Ma Gaudenzio in quel momento sta percorrendo come pellegrino i luoghi santi; è anzi uno dei pionieri di questi pellegrinaggi. I bresciani allora mandano in Palestina una delegazione per farlo rientrare al più presto. Lui accetta con qualche difficoltà, perché si considera scarso come scrittore di teologia, mentre questo all’epoca è compito fondamentale di ogni vescovo, con tanti punti di fede da precisare, con la varietà di dottrine e di dottrinari che ci sono in giro. (Il vescovo Filastrio ha scritto molto su eresie ed eretici).
Ma infine si convince ad accettare, anche perché la sua nomina è sostenuta da Ambrogio, vescovo di Milano. Così, intorno all’anno 390 viene consacrato vescovo, alla presenza di Sant’Ambrogio venuto da Milano, che poi lo chiama nella sua città per una serie di prediche. (Milano è capitale dell’Impero romano d’Occidente: vi risiedono la famiglia imperiale, il governo e i comandi militari).
Non si ritiene degno di stendere trattati, e non crede che le sue omelie meritino di essere trascritte. E invece proprio questo accade: da un lato, le trascrivono molti preti per servirsene nella loro predicazione; dall’altro, c’è chi gli richiede più larghe spiegazioni di cose dette da lui in chiesa; e allora gli tocca scrivere. Uno dei più vivaci intellettuali del tempo, Tirannio Rufino di Aquileia, gli scrive: «Il tuo è un ingegno così vivo che bisogna proprio scrivere e pubblicare quello che dici nelle prediche e nelle conversazioni ».

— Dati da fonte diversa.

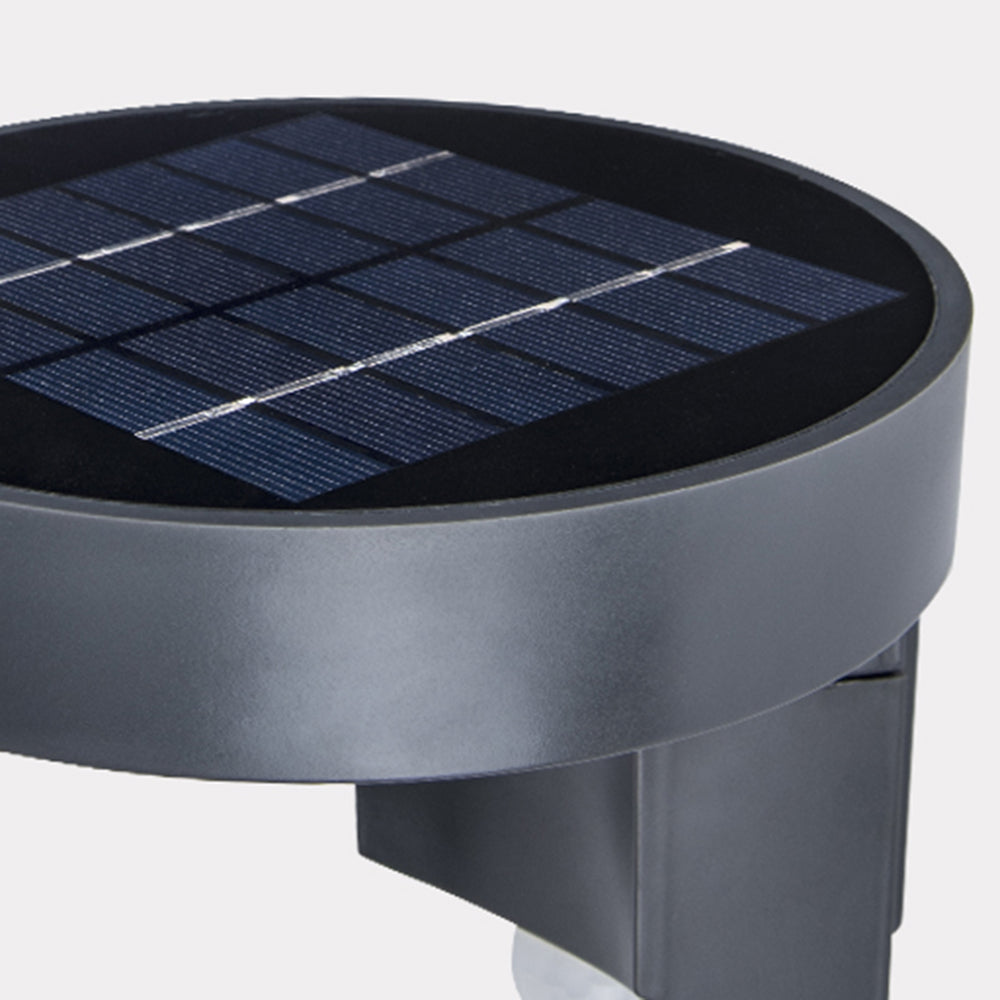 Orr Außenwandleuchte Rund Schwarz, Solar-Senor, 13CM Lang - Cueteks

Tutta questa attenzione alle parole “parlate” si spiega con la loro novità nei tempi e nelle sedi: niente accanimenti pignoli sull’aggettivo o sul participio in greco, ma raffronti immediati e chiarissimi tra la fede che si professa e i comportamenti. Il vescovo denuncia ingiustizie e ipocrisie, dà voce a quelli che nessuno ascolta. C’è la vita del tempo, nelle sue parole; e per molti esse sono anche un aiuto per conoscersi meglio.
La sua esperienza dell’Oriente gli procura un’importante missione nel 406. A Costantinopoli, il patriarca Giovanni Crisostomo è stato mandato in esilio per la seconda volta, a opera di Eudossia, moglie dell’imperatore Arcadio. Papa Innocenzo I manda Gaudenzio e altri quattro vescovi a Costantinopoli per incontrare Arcadio, promuovere un concilio e ottenere la libertà per il patriarca. Ma l’impresa fallisce: i vescovi vengono bloccati e rimandati indietro prima di arrivare a Costantinopoli.
E Gaudenzio ritorna a Brescia, dove fa sorgere una chiesa dal nome insolito: Concilium Sanctorum. «Il nome voleva dire: qui c’è una collezione di santi; e i santi sono le reliquie degli apostoli che aveva portato san Gaudenzio nel suo ritorno dalla Terrasanta»: così ha spiegato questo nome Paolo VI, bresciano, parlando a un pellegrinaggio di suoi concittadini nel 1970.
Gaudenzio è stato sepolto in quella chiesa nel 411 o 412, già venerato come santo dal popolo.